Выбрать главу

On the TV screens, I'm a gray-haired millionaire tycoon giving it to my secretary across a carved wood desk. Other screens, I'm a plumber snaking the pipes of a bored housewife.

Laying inside Brenda, just so to protect her, I let a little piss leak out. That bladder of mine was busting, and my flow couldn't shut off. My little dribble kept gushing, and Brenda rolled her eyes to look into my eyes, our eyes close to touching, our noses touching, her lips brushing my lips.

Brenda said, "What are you doing?"

And bearing down to stop, clamping down to not piss, still inside her, I said, "Nothing." I go, "I'm not doing anything."

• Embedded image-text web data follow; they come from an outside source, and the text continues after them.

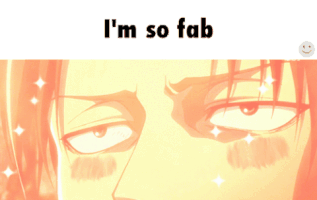 fab GIF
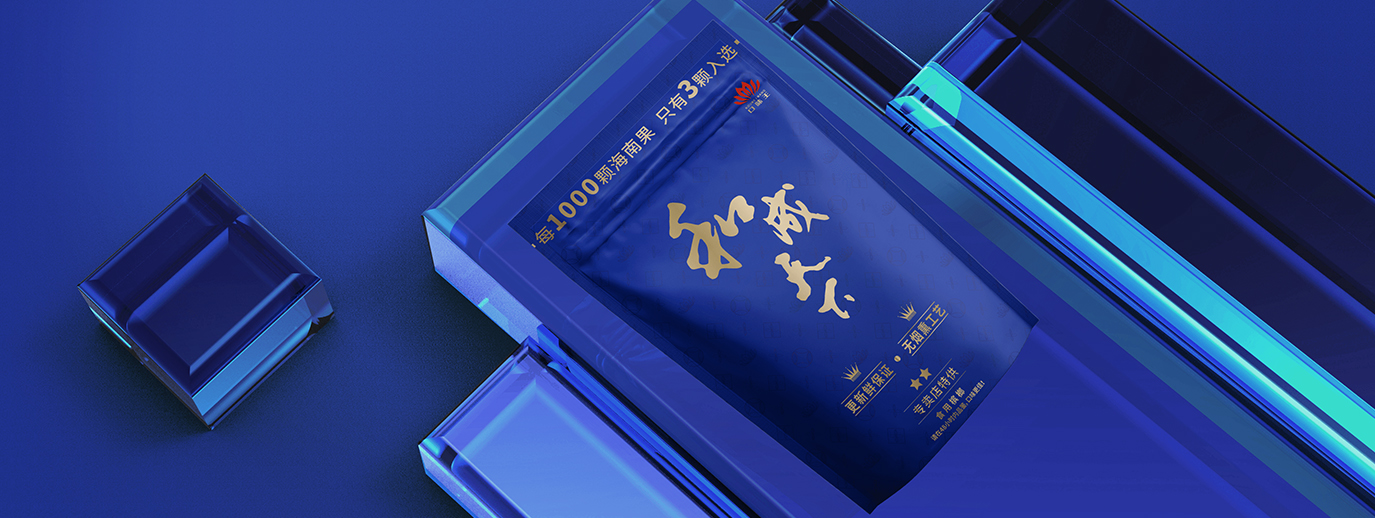 轮播1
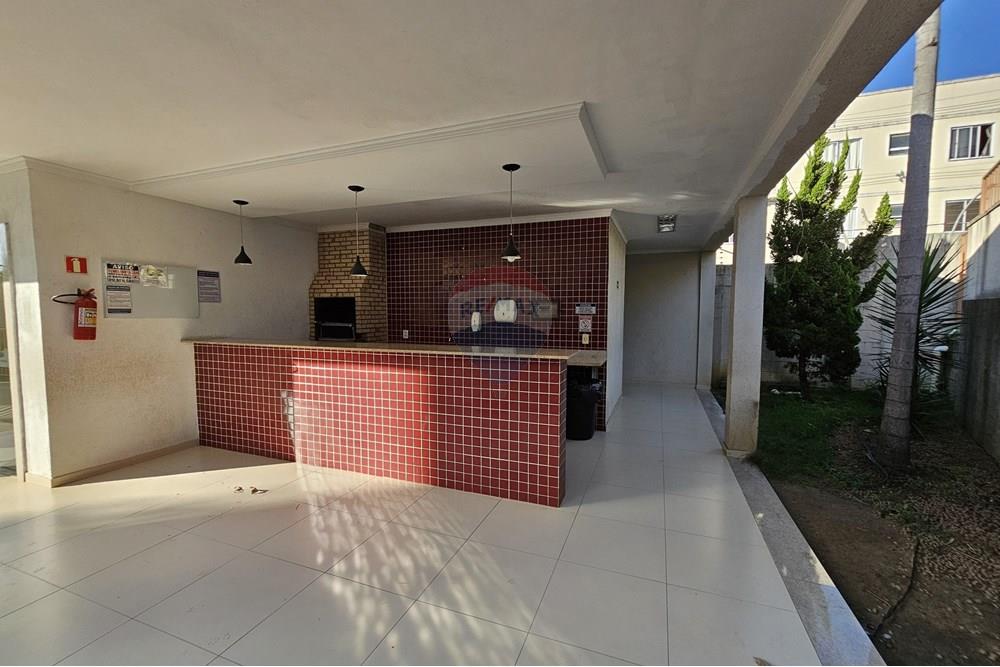 Apartamento - Venda - Viana , Espírito Santo - Imagem do WhatsApp de 2025-05-19 à(s) 13.55.45_8312b588.jpg - 620101050-2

On the phone, the teddy-bear dude goes, "You have somebody in mind?" He laughs and says, "I told you, I don't care how gross…"

Brenda wrestled against me, rolling side to side on the blanket and beating me with her fists. She kept saying, "You pig. You're a pig." Underneath my hips, Brenda bucked and squirmed, telling me to get off her. To pull out.

And I kept saying, not yet. My hands holding her arms, I kept saying this was to keep her safe.

On the TVs, I'm in ancient times, doggy-styling Cleopatra. I'm an astronaut, doing round-the-world with a green alien babe in a zero-gravity space station.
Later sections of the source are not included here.